開演前のプレトークでは、指揮者のヴェセスさんに西濱事務局長さんがインタビューします。奥さんとお子さんと一緒に5日前から滞在している山形の印象は、寒さや雪もあるけれど、山形牛、山形豚、山形セルリーなどにお酒の美味しさが印象的だったそうで、「食と温泉の国」を堪能していただいているみたいです。ときどき片言の日本語を交えて話すヴェセスさん、チャイコフスキーについては熱を入れて話していました。ムソルグスキーやボロディン、リムスキー・コルサコフらロシア音楽の伝統を継承しつつ、豊かな旋律の魅力をクラシック音楽のスタイルで表現している、というところでしょうか。
第1曲:西村朗「桜人」ですが、これは2010年7月の第206回定期演奏会で発表された山響委嘱作品の再演です。初演のときの感想は別記事(*1)のとおりですが、今回はヴェセスさんの解釈と指揮で、和楽器の笙や篳篥(ひちりき)等を模したと思われるつんざくような高音も。不思議な音がいっぱいの現代的な曲を、親しみを持って聴くことができます。

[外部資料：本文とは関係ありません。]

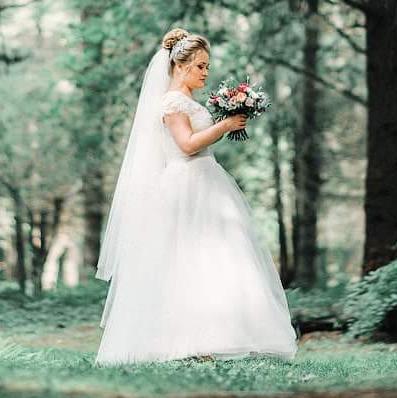 Продам весільну сукню "Hadassa" — логотип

続いて、R.シュトラウスのオーボエ協奏曲。楽器編成は、8-6-4-4-2 の弦楽五部に、Fl(2:Pic.持ち替え)-Eng.Horn(1)-Cl(2)-Fg(2)-Hrn(2)というもの。ソリストのケロ氏は、黒の上下に黒のシャツ、黒い靴と黒ずくめです。そういえば髪も黒い? では演奏は:
いや〜、軽やかで柔らかくあたたかい音色のオーボエに魅了されます。柔らかな楽想には指揮棒無しでのぞむらしいヴェセスさんも実に柔らかな動きで、R.シュトラウスらしい緊密な演奏に魅了されました。

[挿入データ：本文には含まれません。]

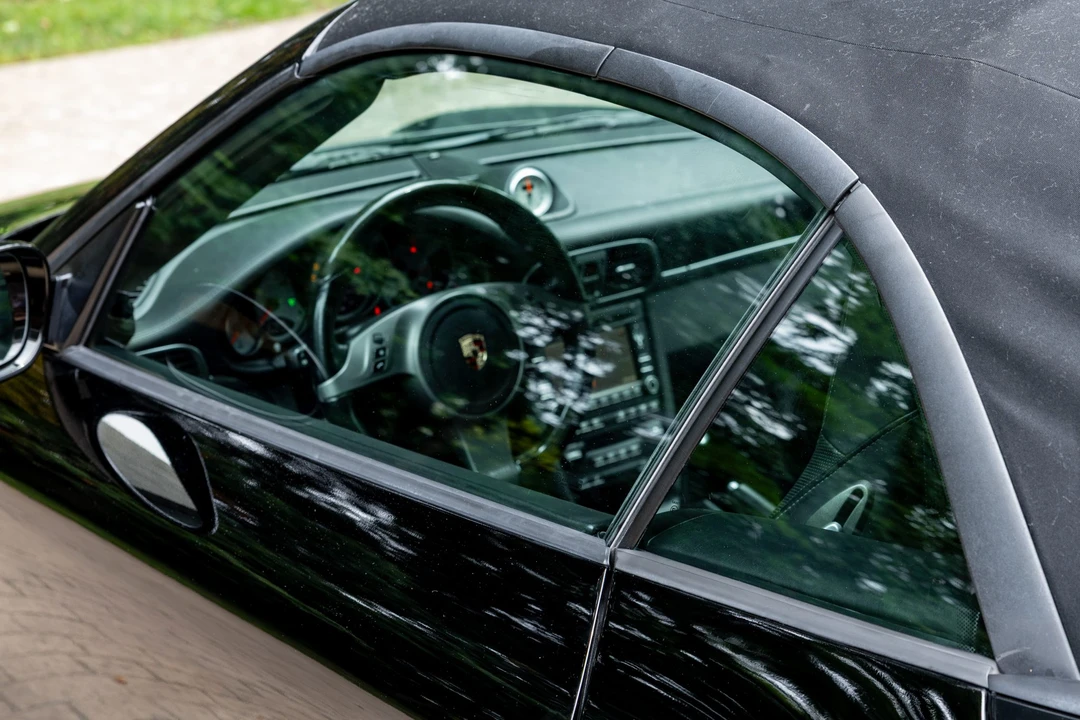 2010 Porsche 997 Carrera 4S - Image 21 of 31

聴衆の大きな拍手に応えて、独奏者がアンコール曲を。J.S.バッハの「無伴奏パルティータ イ短調 BWV1013」より、第4曲「ブーレ・アングレーズ」。ほんとに見事なオーボエ・ソロに、ため息が出ました。
15分の休憩の後、チャイコフスキーの交響曲第4番です。10-8-6-6-4の弦楽五部に、Pic(1)-Fl(2)-Ob(2)-Cl(2)-Fg(2)-Hrn(4)-Tp(2)-Tb(3)-Tubaの管楽群、これにTimp、BsDrm、Cymb、Triのパーカッションという編成です。

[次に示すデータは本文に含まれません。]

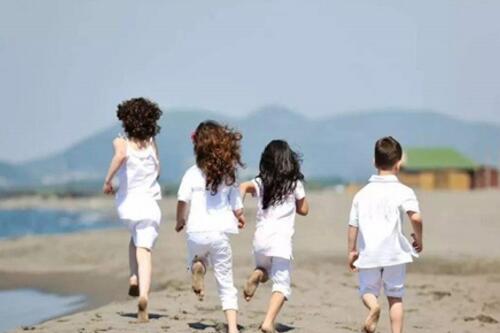 父母不优秀 能苛刻孩子优秀吗？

第1楽章:ヴェセスさん、指揮棒を持って。冒頭から金管の迫力が実にいいですなあ。Fgがほんとにいい味です。第2楽章:指揮棒なしで。弦のピツィカートの中、ObやFgの哀愁を帯びた旋律がいいですね〜。チャイコフスキーらしさが全開です。第3楽章:弦楽セクションがみなピツィカートで通し、CDだと「まるでマンドリン・オーケストラみたい」などと斜に構えた感想を持つのですが、さすがに実演の繊細な表現を前にしては、ひたすら聴き惚れるばかり。オーボエの一節(ひとふし)でガラリと変わる様も見事ですし、再現も実に効果的。第4楽章:指揮棒を持って。金管群にシンバル等も加わり、爆発的な活気ある音楽に変わります。音楽が進み、しだいに終わりに近づいていくのが実に残念。もっと聴いていたいと思わせる、Fantastic! なチャイコフスキーでした。
今回も、山形Qの定期でもお会いした関西からのお客様に再びお会いでき、山響事務局に代わりまして感謝を申し上げた次第。たぶん、日曜の演奏会でも、多数のお客様を魅了したことでしょう。パンフレットに挿入されたたくさんのチラシを見ても、山響の団員の皆様が様々な形で当地の音楽活動を支えてくれていることを感じます。ありがたいことです。